## Task brief
Below, find the line containing "C&oacute;mics: Spiderman 254 cj67 - Foto 1" and the line containing "20 x Antiques"; reproduce exactly those two and every line between them, omitting pictures.

## Task material
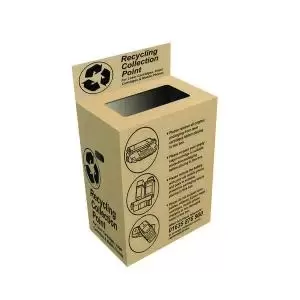 Image of VOW Q-Connect Toner and Inkjet Recycling Box RECBOX OBVOWBOX
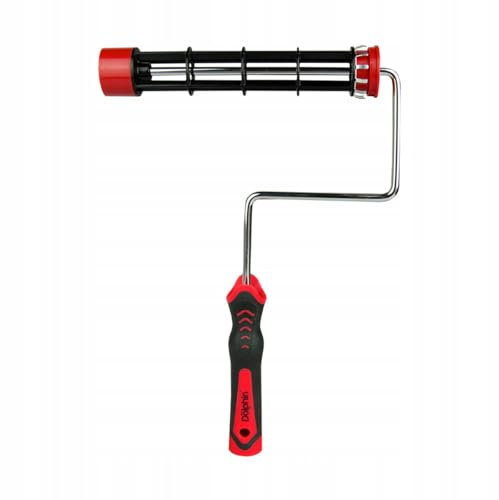 Blue Dolphin™ Bügel für Farbroller Malerrolle Farbwalze 18 cm DolphinRoller SYSTEM mit ergonomischen Griff | 330 PROFI Farbwalzenbügel Farbrolle Paint Roller Maler Werkzeug Malerbedarf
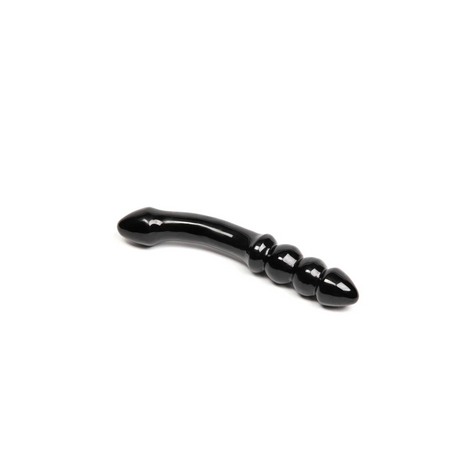 Chakrubs Viper Wand Curved Vibrator — Black - CK8196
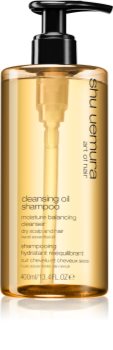 Shu Uemura Cleansing Oil Shampoo почистващ маслов шампоан за чувствителна кожа на скалпа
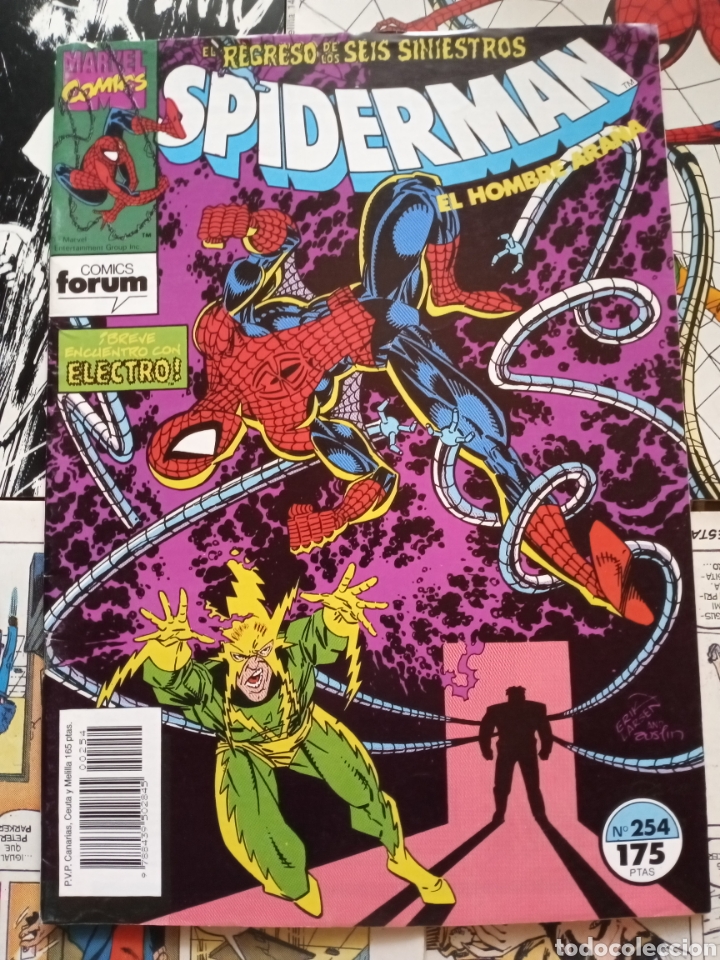 C&oacute;mics: Spiderman 254 cj67 - Foto 1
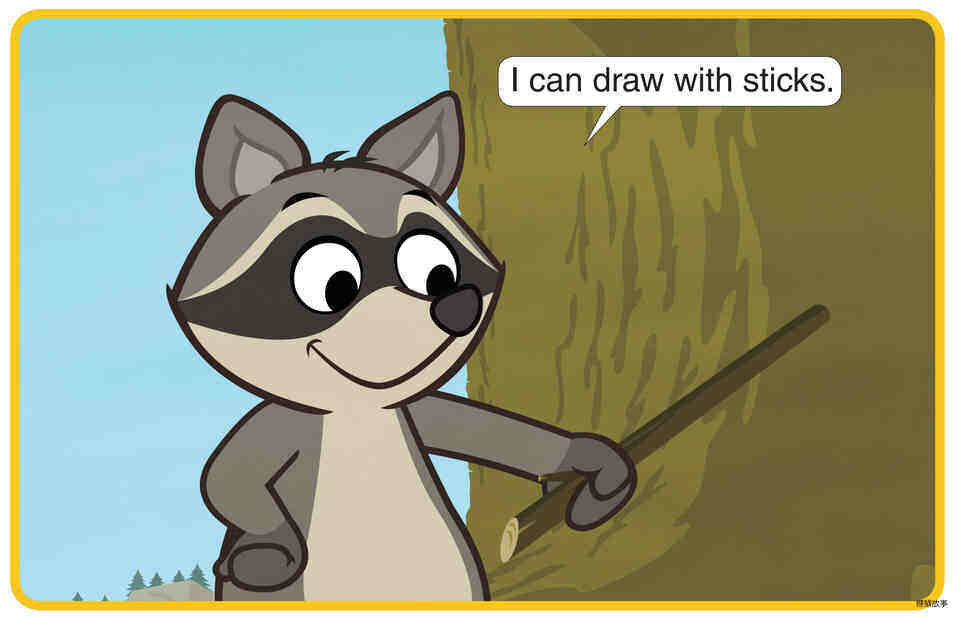 I Can Draw绘本故事第3页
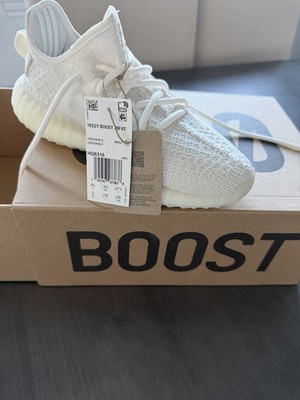 Yeezy Boost 350 Bone (white) Size 6.5 Woman/5 BNIB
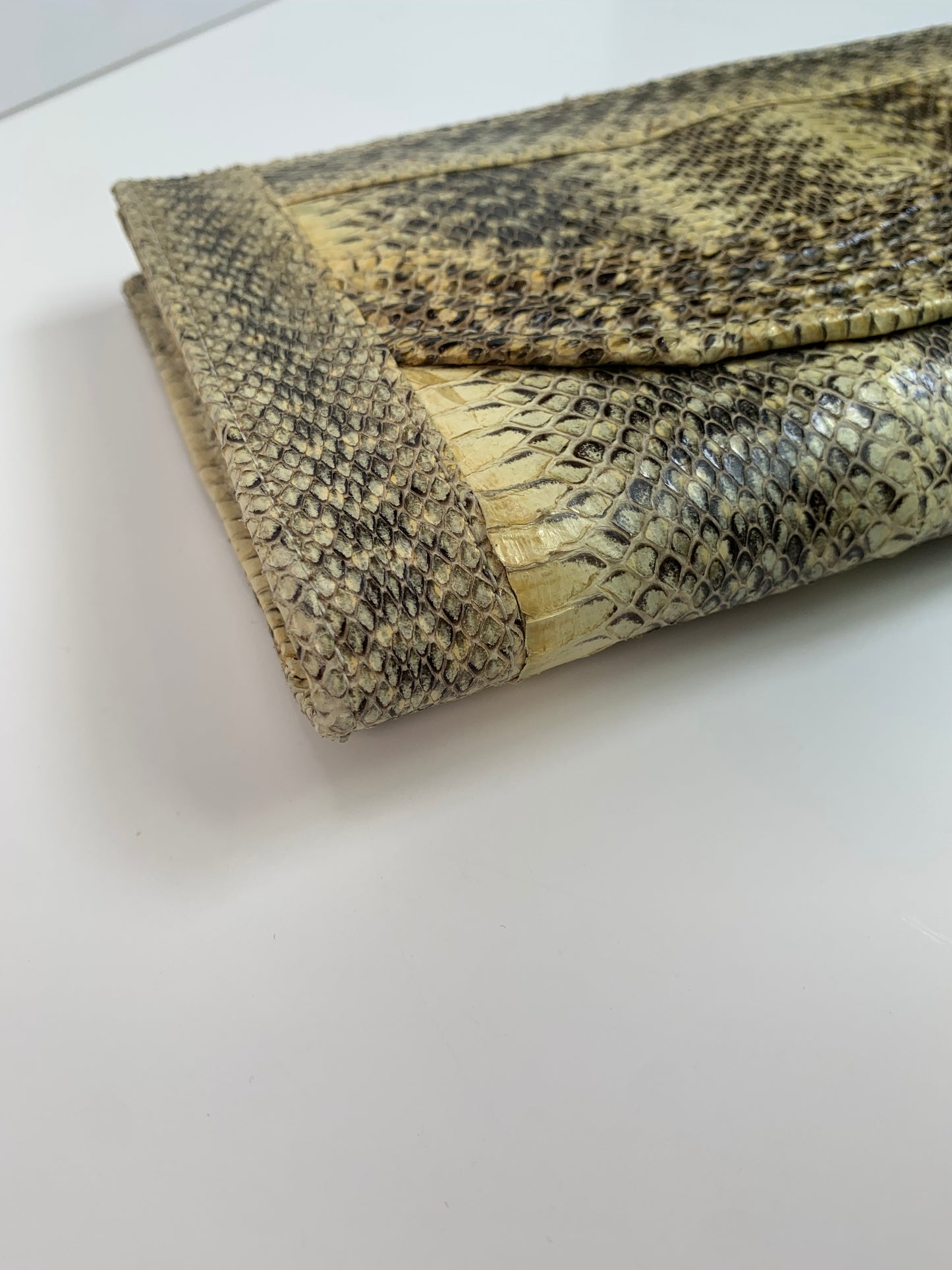 Vintage Purse - Genuine Snakeskin Clutch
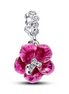 Pandora Hibiscus Dangle Charm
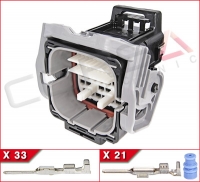 7283-8866-30 - Yazaki | RK/090II-54S - Corsa Technic | 54-Way (33+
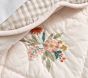 Chris Loves Julia Reversible Floral Baby Quilt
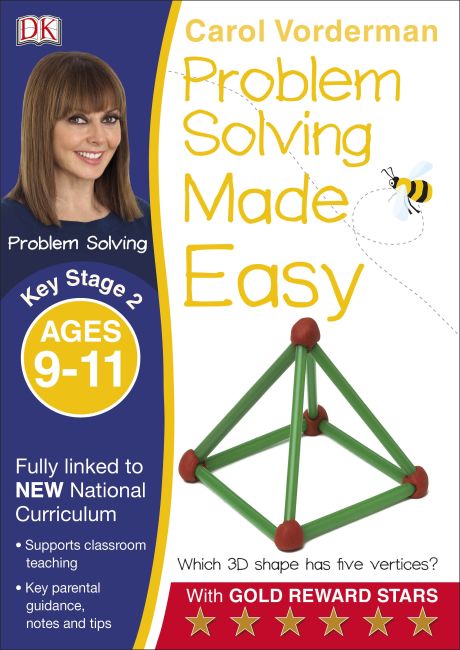 Problem Solving Made Easy Ages 9-11 Key Stage 2 Paperback cover of Problem Solving Made Easy Ages 9-11 Key Stage 2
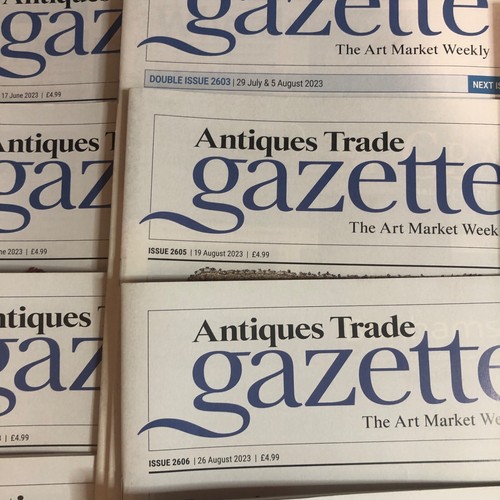 20 x Antiques Trade Gazette Magazine Bundle Art Collectors News May 23- Sep 2023 - Picture 11 of 15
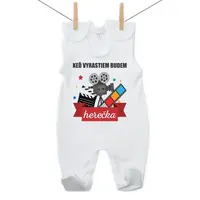 Boodyy Dupačky Keď vyrastiem budem herečka 68 (3-6 mesiacov)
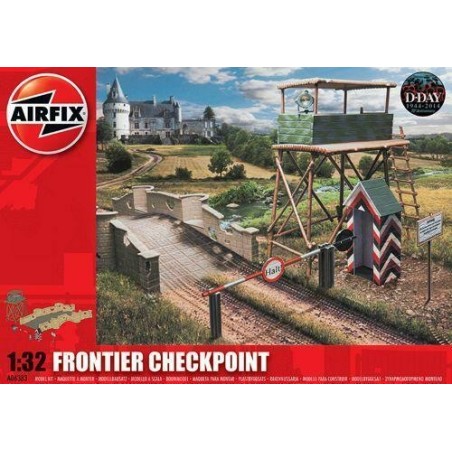 FRONTIER CHEKPOINT AIRFIX 1/32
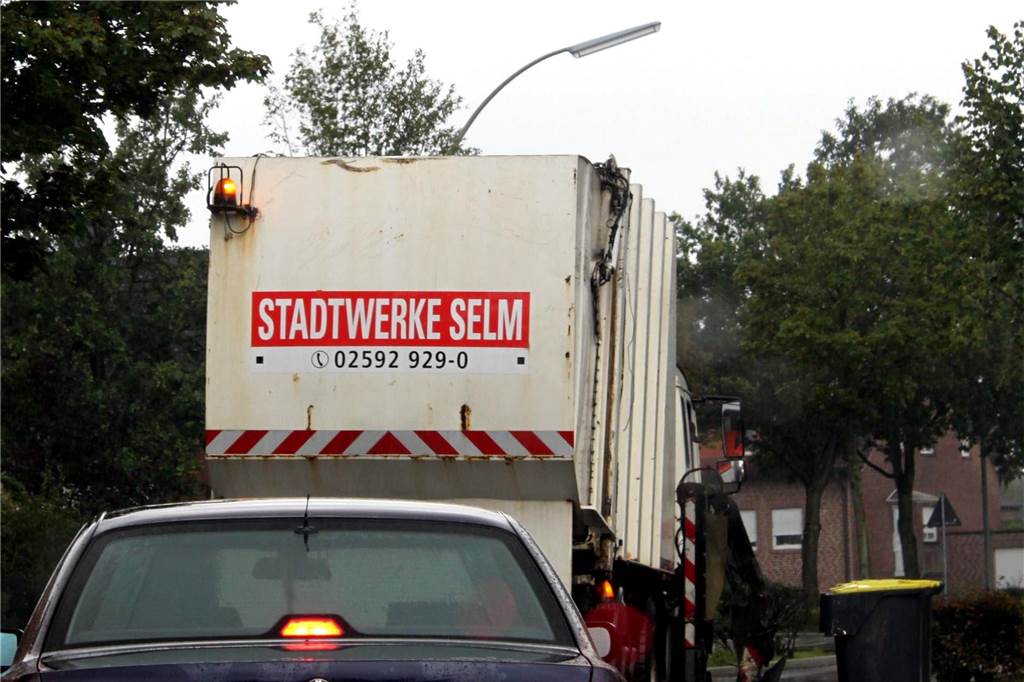 Müllauto der Stadtwerke Selm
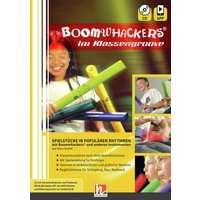 Boomwhackers im Klassengroove inkl. Audio-CD + App von Helbling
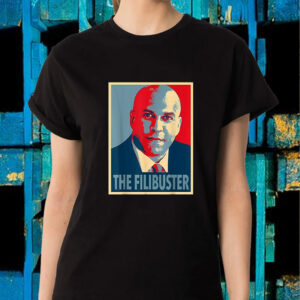 Cory Booker The Filibuster Cory Booker 2028 T-Shirt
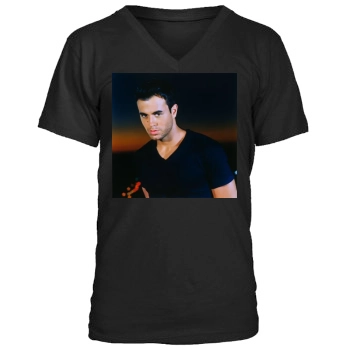 Enrique Iglesias Men's V-Neck T-Shirt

## Task response
 C&oacute;mics: Spiderman 254 cj67 - Foto 1
 I Can Draw绘本故事第3页
 Yeezy Boost 350 Bone (white) Size 6.5 Woman/5 BNIB
 Vintage Purse - Genuine Snakeskin Clutch
 Pandora Hibiscus Dangle Charm
 7283-8866-30 - Yazaki | RK/090II-54S - Corsa Technic | 54-Way (33+
 Chris Loves Julia Reversible Floral Baby Quilt
 Problem Solving Made Easy Ages 9-11 Key Stage 2 Paperback cover of Problem Solving Made Easy Ages 9-11 Key Stage 2
 20 x Antiques Trade Gazette Magazine Bundle Art Collectors News May 23- Sep 2023 - Picture 11 of 15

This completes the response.